* [DATA EXCERPTS]

* * * * *

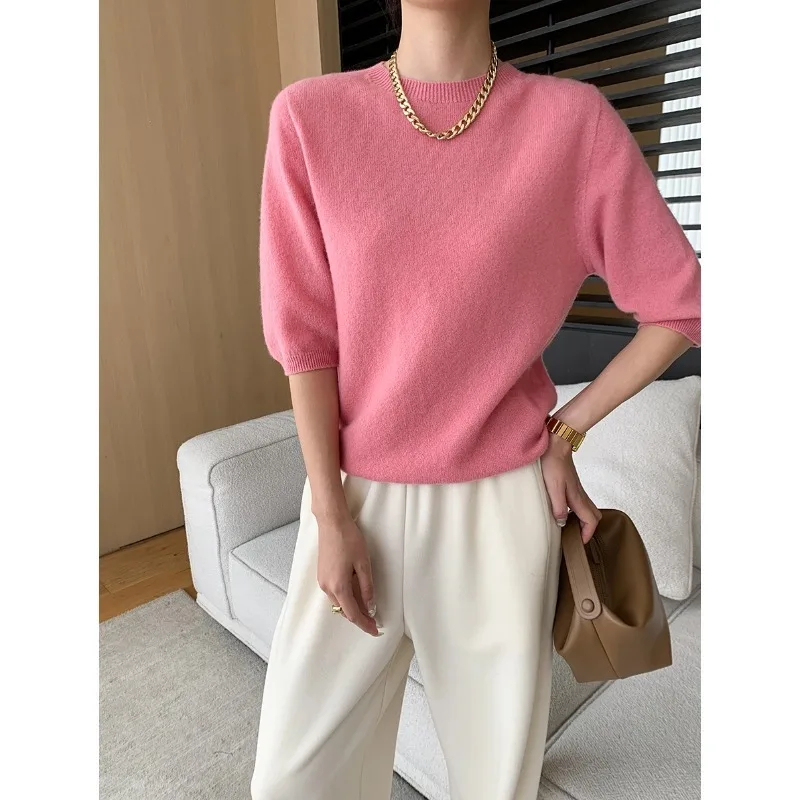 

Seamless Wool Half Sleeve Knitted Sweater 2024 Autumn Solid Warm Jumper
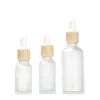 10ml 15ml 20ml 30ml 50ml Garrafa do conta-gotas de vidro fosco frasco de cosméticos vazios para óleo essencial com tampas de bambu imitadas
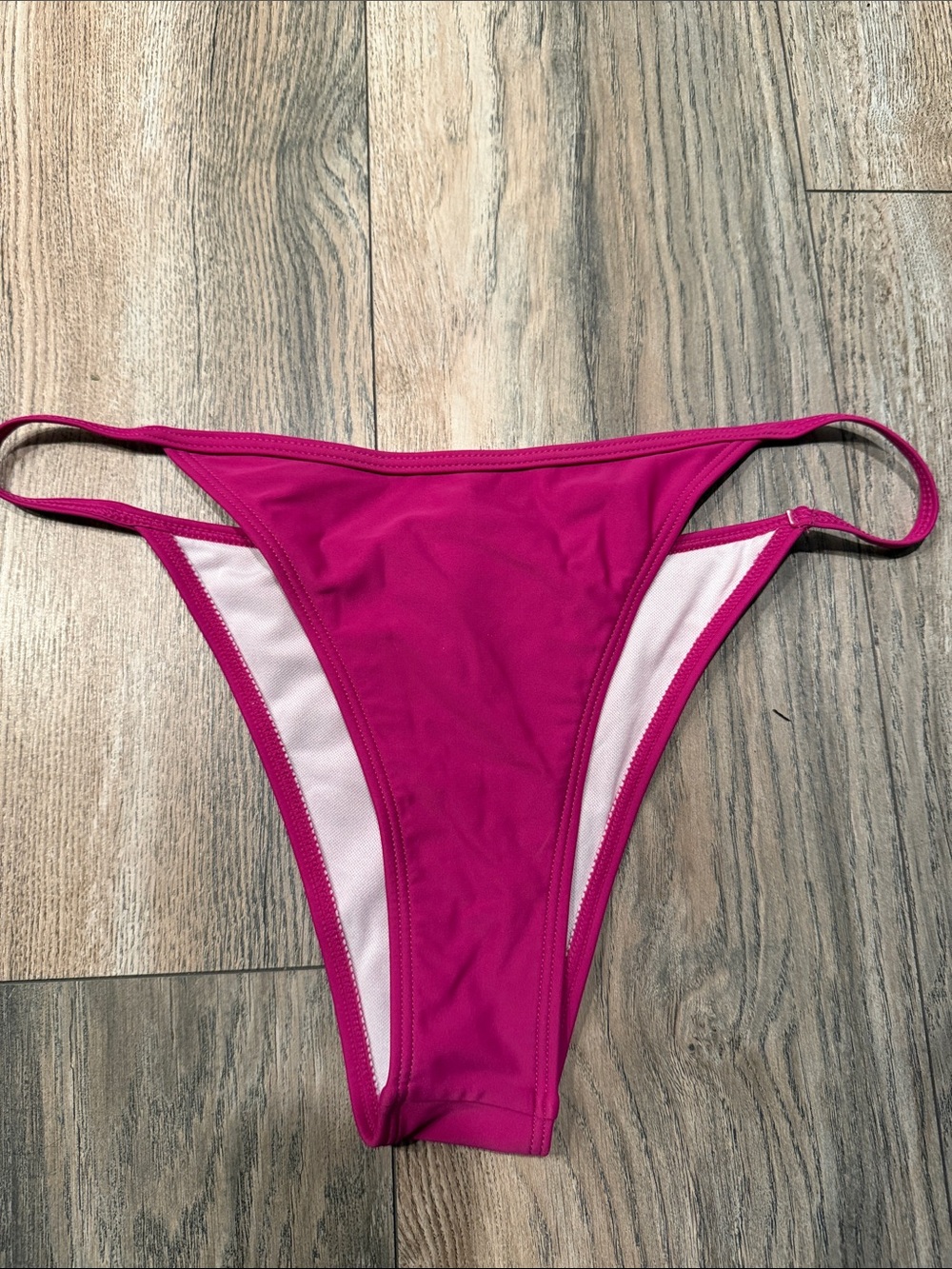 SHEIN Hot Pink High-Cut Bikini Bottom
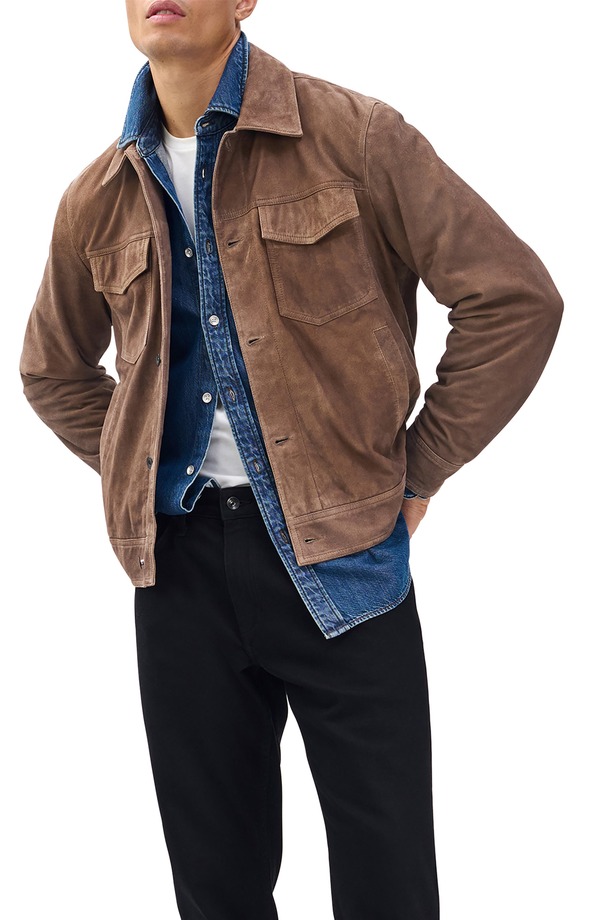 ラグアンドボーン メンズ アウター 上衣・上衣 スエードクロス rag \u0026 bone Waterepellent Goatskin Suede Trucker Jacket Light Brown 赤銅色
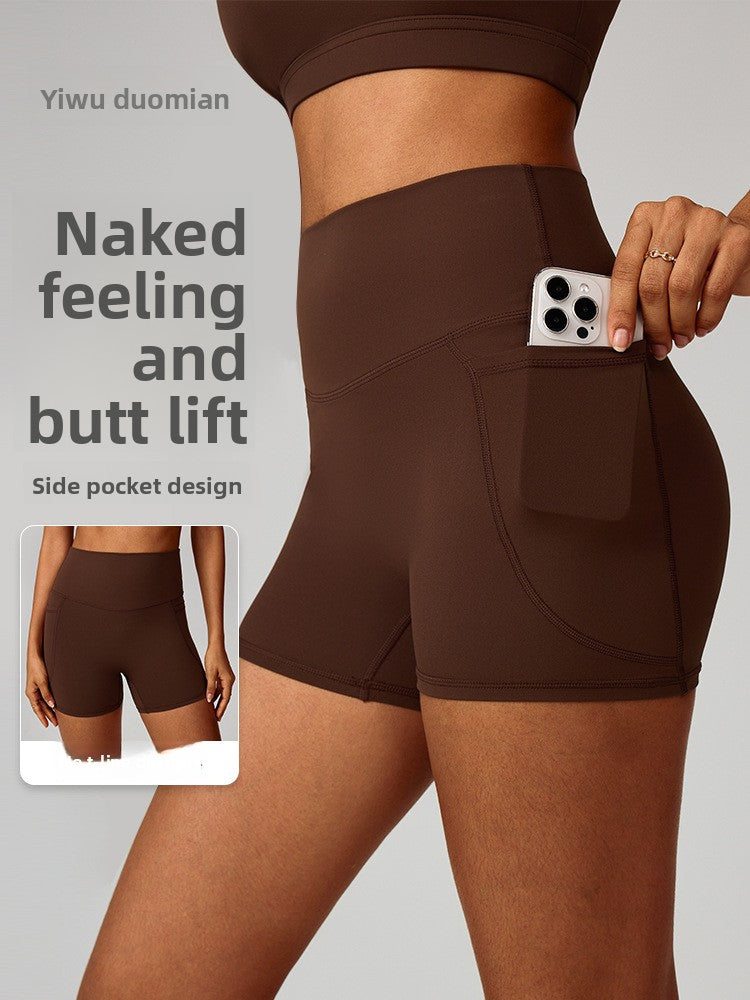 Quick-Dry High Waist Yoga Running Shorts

* * * * *

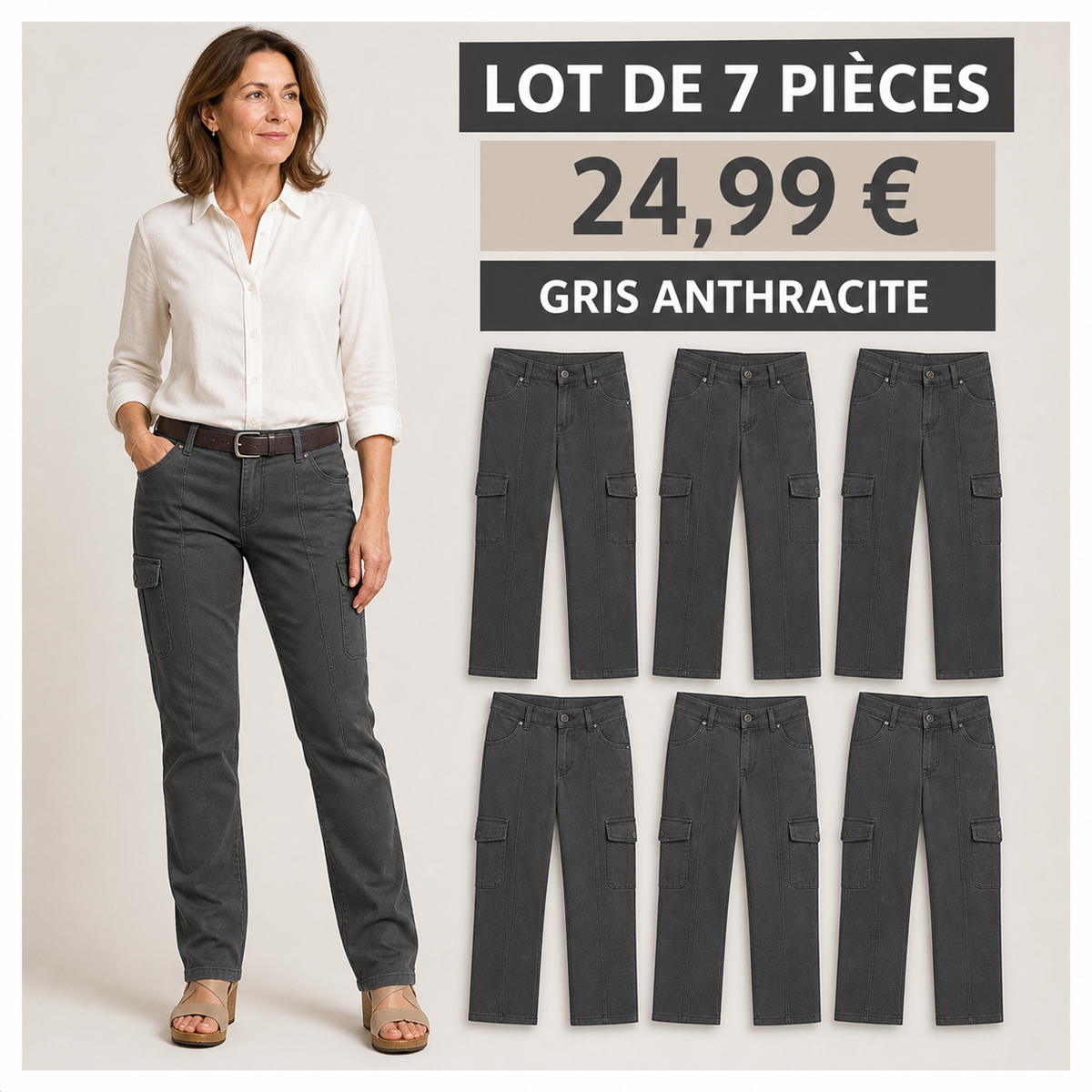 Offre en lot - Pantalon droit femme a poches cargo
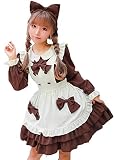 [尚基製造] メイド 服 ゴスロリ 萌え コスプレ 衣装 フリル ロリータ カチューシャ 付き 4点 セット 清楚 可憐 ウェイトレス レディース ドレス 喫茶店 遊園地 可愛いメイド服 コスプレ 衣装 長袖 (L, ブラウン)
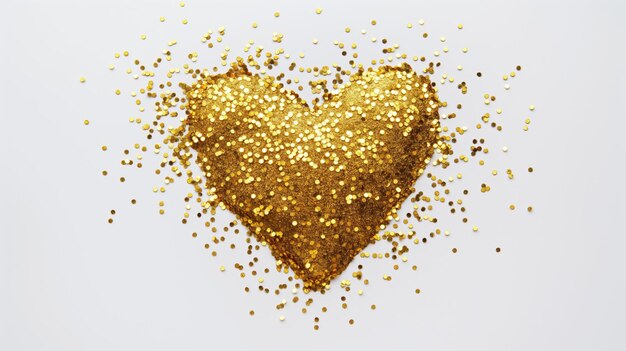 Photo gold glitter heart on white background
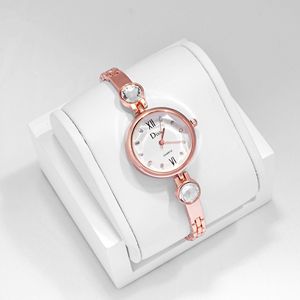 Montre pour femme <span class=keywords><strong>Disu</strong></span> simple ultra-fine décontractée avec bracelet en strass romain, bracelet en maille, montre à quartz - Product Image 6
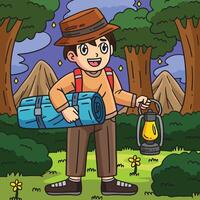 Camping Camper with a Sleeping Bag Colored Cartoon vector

* * * * *

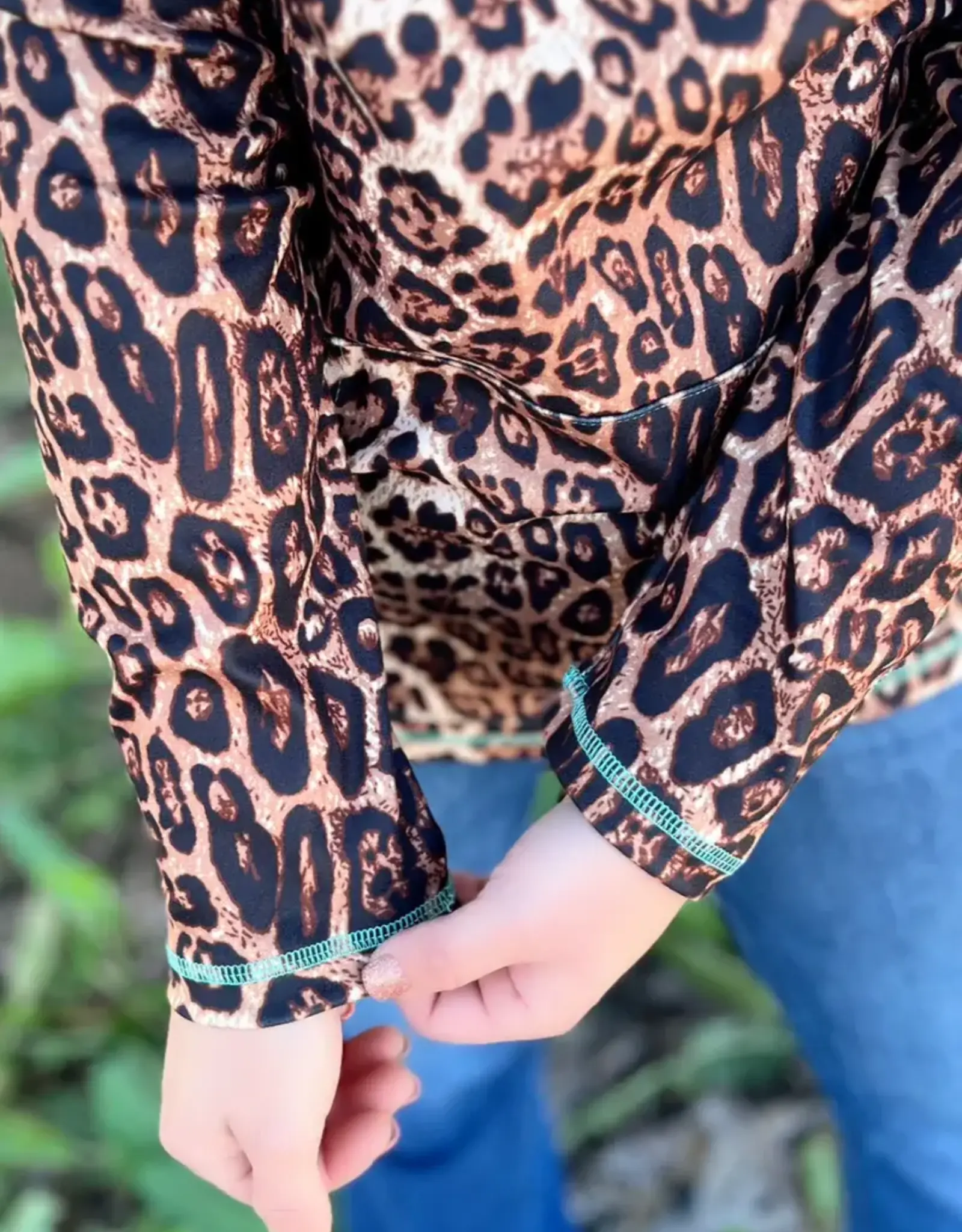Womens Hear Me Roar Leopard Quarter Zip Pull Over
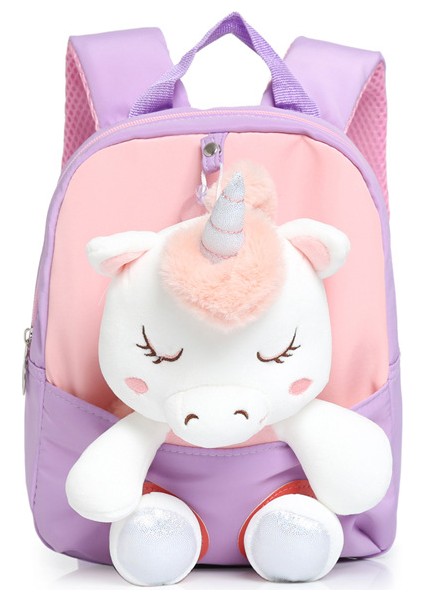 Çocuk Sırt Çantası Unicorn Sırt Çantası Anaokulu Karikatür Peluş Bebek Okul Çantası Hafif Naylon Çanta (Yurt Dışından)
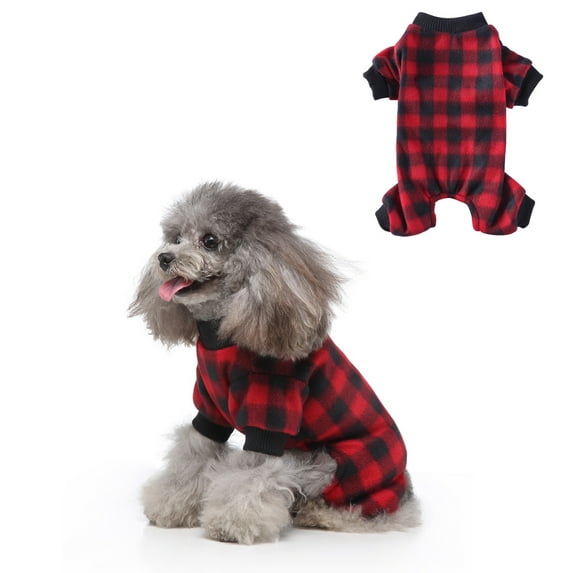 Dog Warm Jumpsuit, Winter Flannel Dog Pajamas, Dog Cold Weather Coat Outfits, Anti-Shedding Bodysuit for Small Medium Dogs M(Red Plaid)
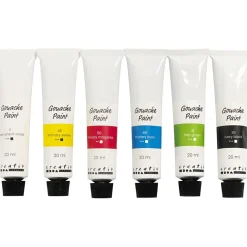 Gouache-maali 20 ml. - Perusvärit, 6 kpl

* * * * *

Would you please reproduce the entries above, starting at the line with "10ml 15ml 20ml" and stopping after the line with "Quick-Dry High Waist Yoga Running Shorts"? Omit any pictures.

* [ANSWER SECTION]
 10ml 15ml 20ml 30ml 50ml Garrafa do conta-gotas de vidro fosco frasco de cosméticos vazios para óleo essencial com tampas de bambu imitadas
 SHEIN Hot Pink High-Cut Bikini Bottom
 ラグアンドボーン メンズ アウター 上衣・上衣 スエードクロス rag \u0026 bone Waterepellent Goatskin Suede Trucker Jacket Light Brown 赤銅色
 Quick-Dry High Waist Yoga Running Shorts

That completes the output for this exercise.